I am currently using Python imaplib to process email text.
I use fetch command to fetch the raw data email from GMail server. However, I found one thing really tricky - the equal sign '='. It is not a normal equal sign but a special symbol.
For example:
'=' sometimes acts as the hyphenation mark at the end of text line:
Depending upon your module selections, course lecturers may also contact yo= u with preparatory work over the next few weeks. It would be wise to start = reviewing the preparatory reading lists provided on the module syllabi now =
Sometimes, it acts as a escape mark similar to '%', for example:
a=20b
is actuallya<SPACE>b
=46rom here
is actuallyFrom here
I am totally confused about such weird notation.
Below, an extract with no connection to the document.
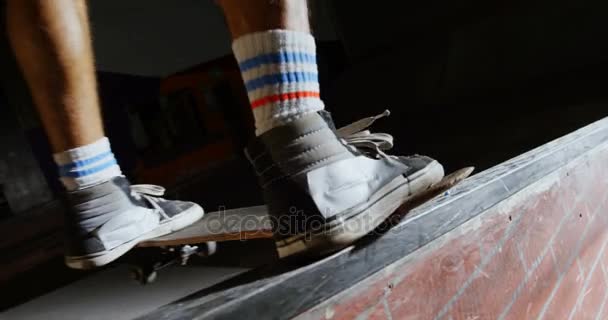 Άνθρωπος Ενεργεία Σκέιτμπορντ Στην Αρένα Skateboard — Αρχείο Βίντεο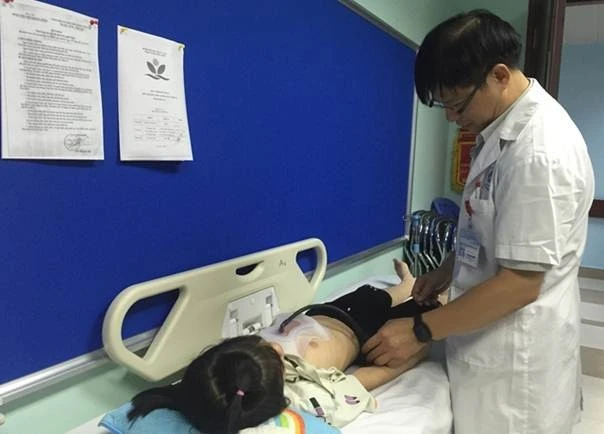 Bố mẹ không nên xem nhẹ những vết lõm trên ngực trẻ, vì đó có thể là triệu chứng của bệnh nghiêm trọng. dấu hiệu bệnh nguy hiểm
I think there must be a guidance to handle this because GMail can handle such thing correctly in their apps.
I see that this is related to HTML encoding, just like '%' will be encoded. But the problem is, all I get from the IMAP response is a string that contain this '=' symbol. How should I handle this? Using regular expression?
In a nutshell, an equal sign at the end of a line indicates a soft line break. An equal sign followed by two hexadecimal characters (0-9, A-F) encodes a single octet (byte).
This encoding scheme is called "quoted printable" and is defined in section 6.7 of RFC 2045. See items (1) and (5), in particular.